Mr Varadkar’s remarks sparked outrage last week and were roundly condemned by senior Catholic clergymen, members of his own Fine Gael parliamentary party and other opposition politicians before he withdrew them the following day. But he was forced to apologise a second time today to ensure parliamentary records could be properly amended.

In a special statement the Dáil, the Irish parliament, Mr Varadkar said: “I made some remarks about sinning priests this time last week on Leaders’ Questions.

“They caused offence to people I never intended to offend. I wish to apologise to anyone I offended – including the Deputy – and I withdraw the remarks.”

Dáil deputy chairman Pat Gallagher then directed that proceedings move on to next business without further discussion in accordance with parliamentary rules.

Later in discussions Mr Martin briefly welcomed the Taoiseach’s apology without further comment.

Mr Varadkar’s “sinning priest” comments led to condemnation by several Catholic bishops.

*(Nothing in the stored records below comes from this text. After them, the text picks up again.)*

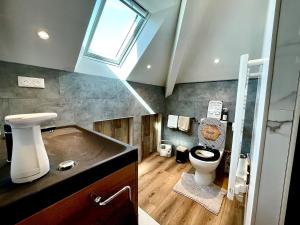 Appartements Sublime appartement SPA detente et Salle cinema 4K : photos des chambres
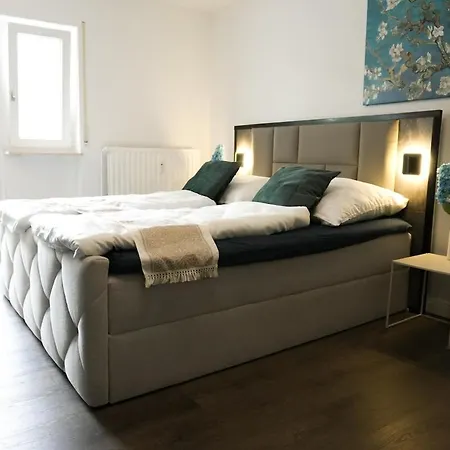 Modernes 1 - Naehe Seepark Apartment *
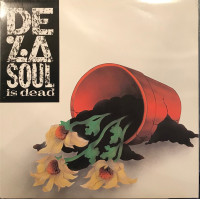 De La Soul - De La Soul Is Dead, LP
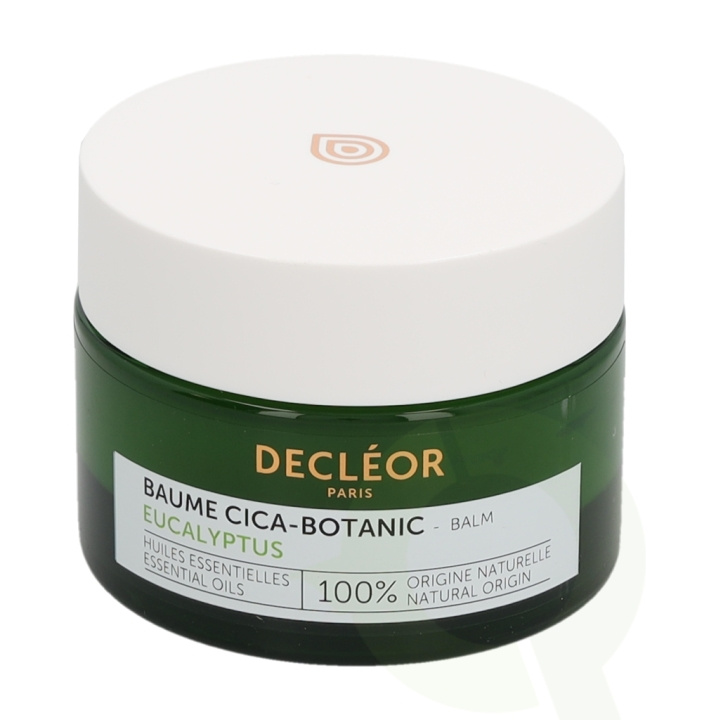 Decleor Cica-Botanic Eucalyptus Balm 50 ml i gruppen SKØNHED & HELSE / Hudpleje / Ansigt / Dagcreme hos TP E-commerce Nordic AB (C49025)
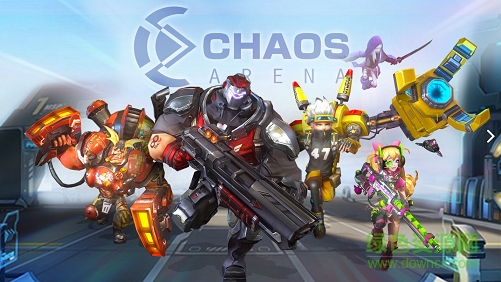 360版英雄战境 v1.1.4.0 安卓版3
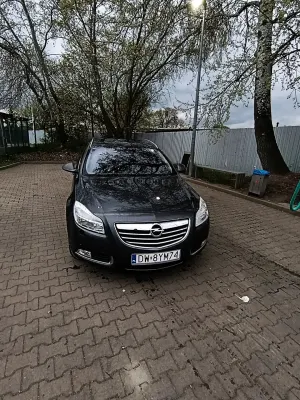 Opel Insignia A 2010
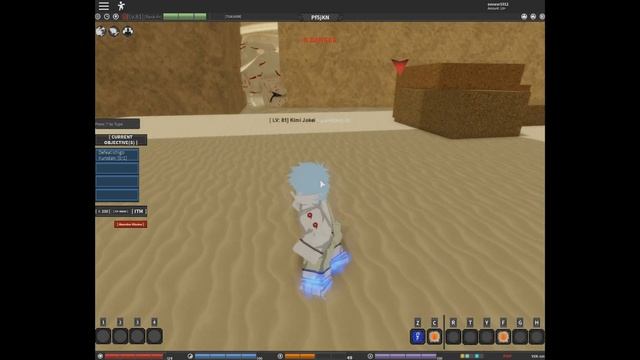 SHINOBI ORIGIN/ГАЙД КАК ИГРАТЬ? 2 ЧАСТЬ!??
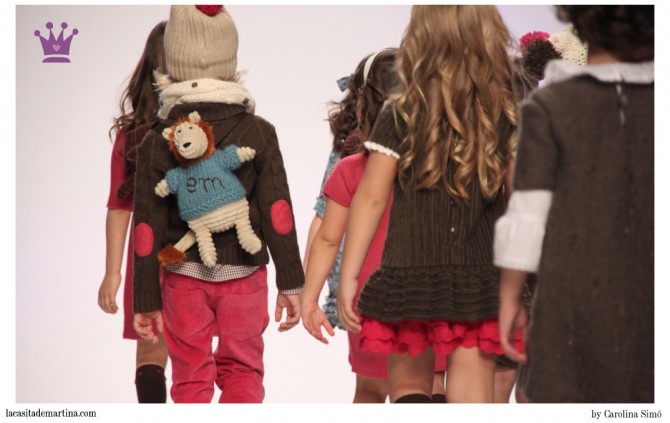 Elisa Menuts, Fimi, Fimi Fashion Show, La casita de Martina, Blog Moda Infantil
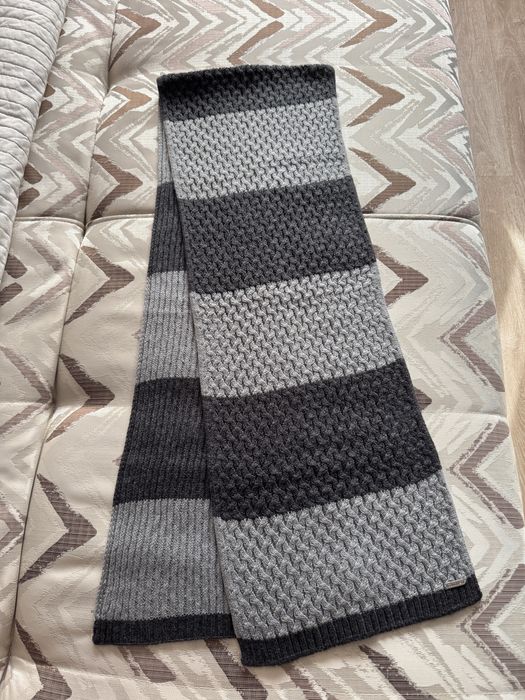 Fular călduros tricotat Calvin Klein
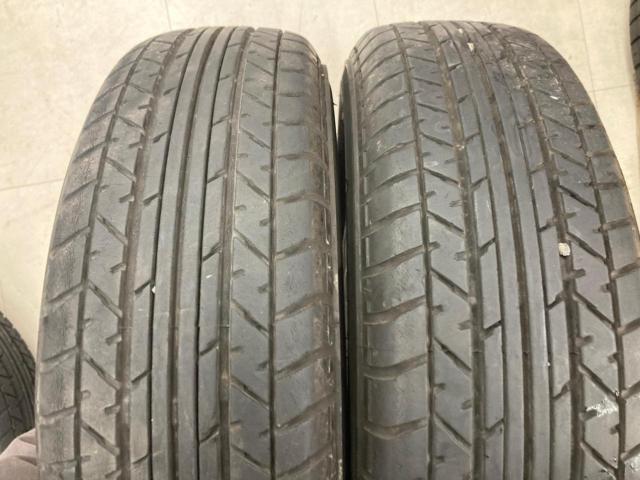 Subaru genuine (SUBARU)
Dias Wagon
Original wheel
+
YOKOHAMA (Yokohama)
ASPEC
A349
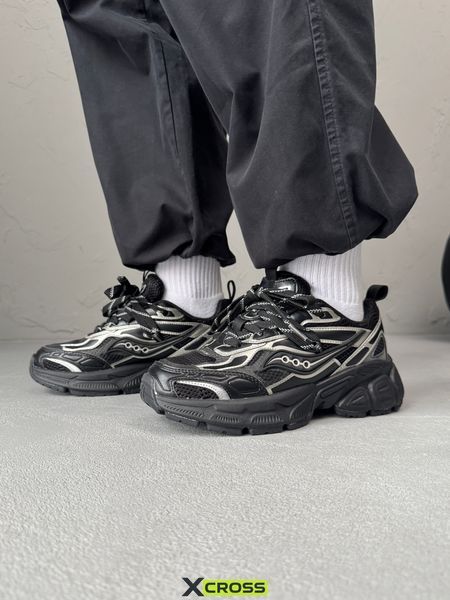 Saucony 2k Cavalry Black sau-0002-1013560 фото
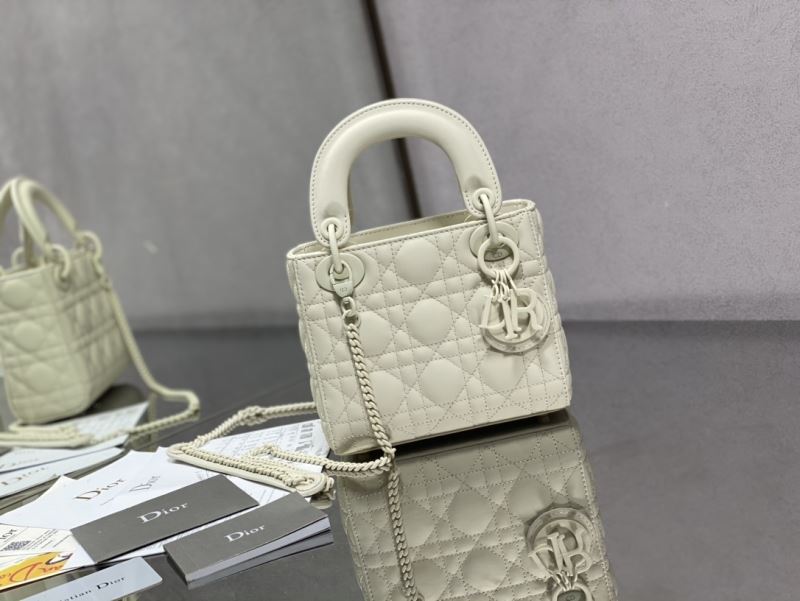 Christian Dior My Lady Bags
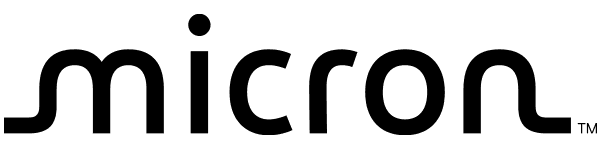 Micron logo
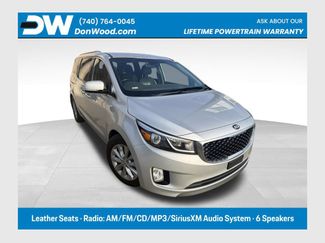 Used 2016 Kia Sedona EX FWD video 1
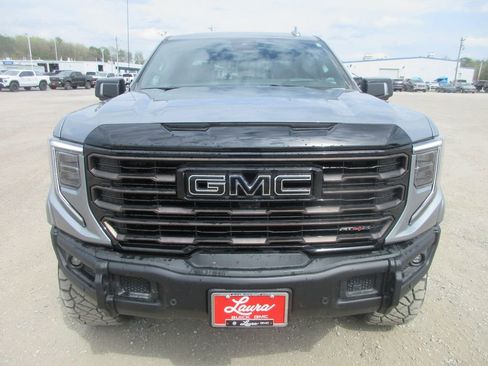 New 2026 GMC Sierra 1500 AT4X AWD/4WD image 14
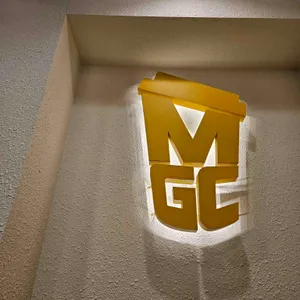 메가커피 리뷰 사진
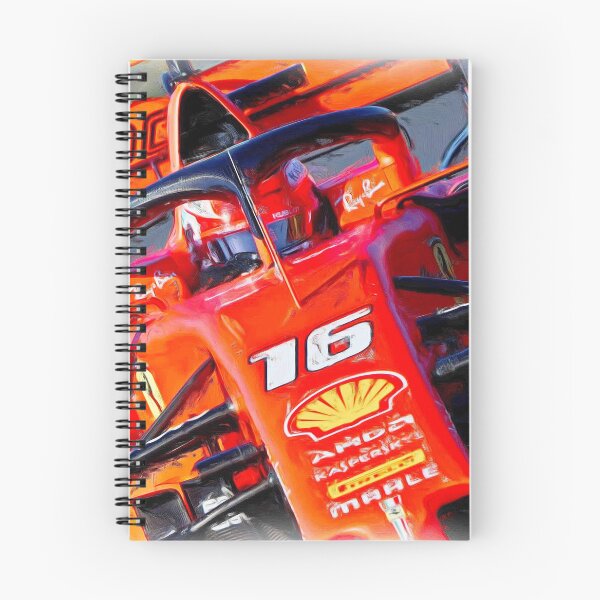 Item preview, Charles Leclerc - Monaco designed and sold by Glineur.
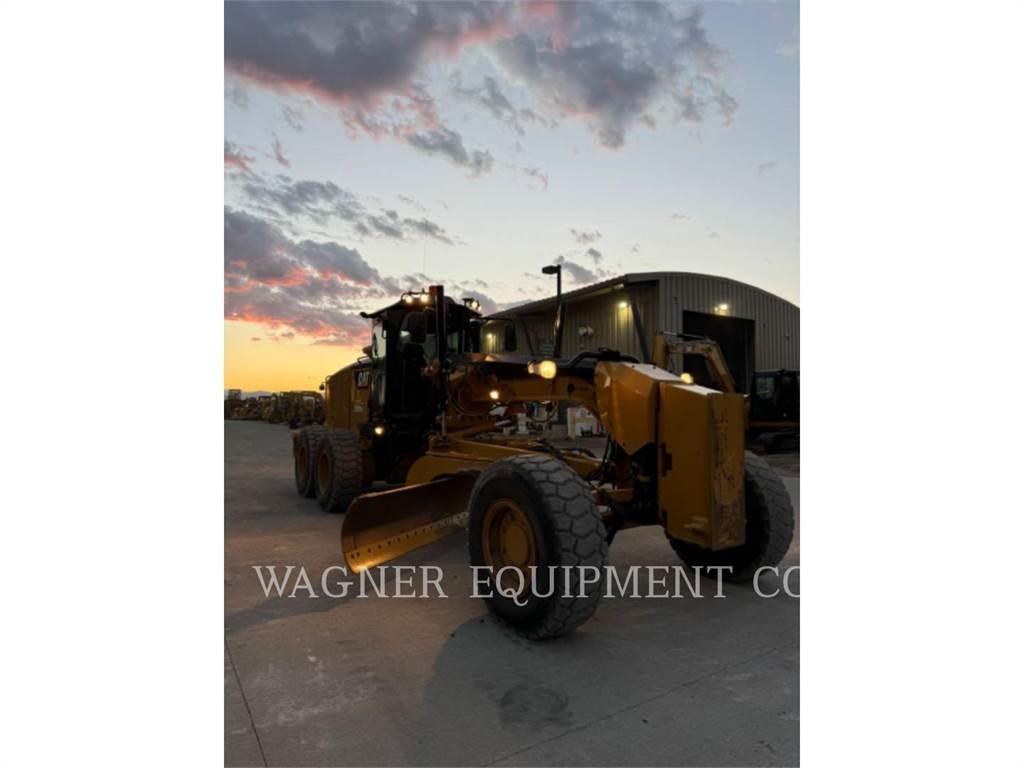 CAT 160M3 AWD 그레이더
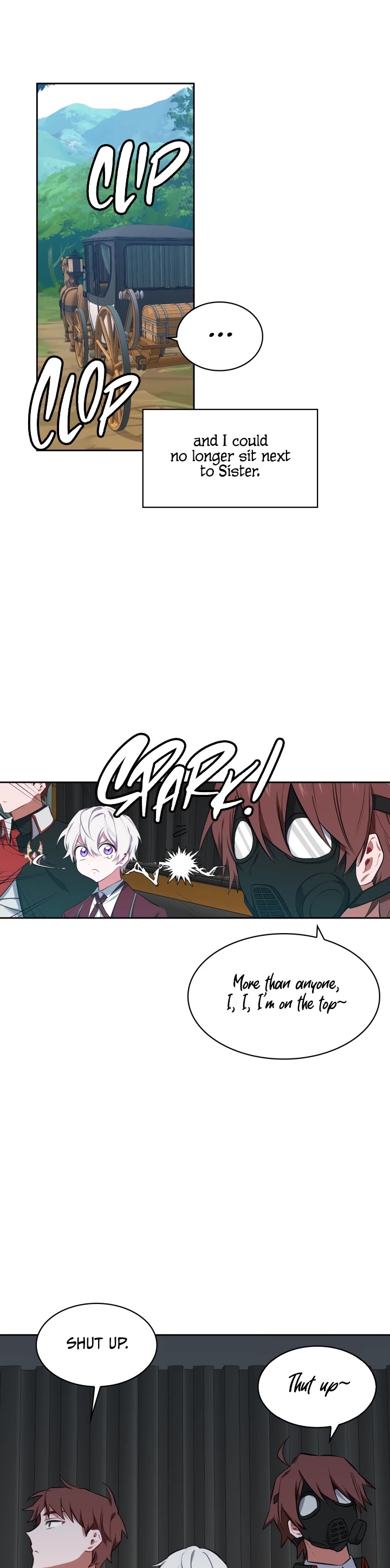 If You Touch My Brother, You're All Dead Chapter 25 page 5 - Chapter 25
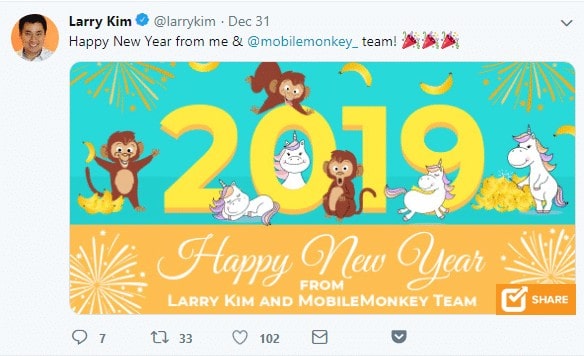Larry Kim Interview: MobileMonkey and WordStream Founder 6 larry kim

During a series of ill-tempered exchanges with several Opposition leaders he made the comments directly to Mr Martin who had criticised Mr Varadkar on his public spending record.

The Taoiseach hit back at the criticism by saying the Fianna Fáil leader reminded him of a parish priest preaching against sin from the altar but then going behind that altar to engage in sin.

The controversial remarks featured on radio phone-in programmes, with some saying the Taoiseach had tarred all priests with the same brush and others arguing he was right because of recent controversies involving cover-ups of sexual abuse in the Catholic Church.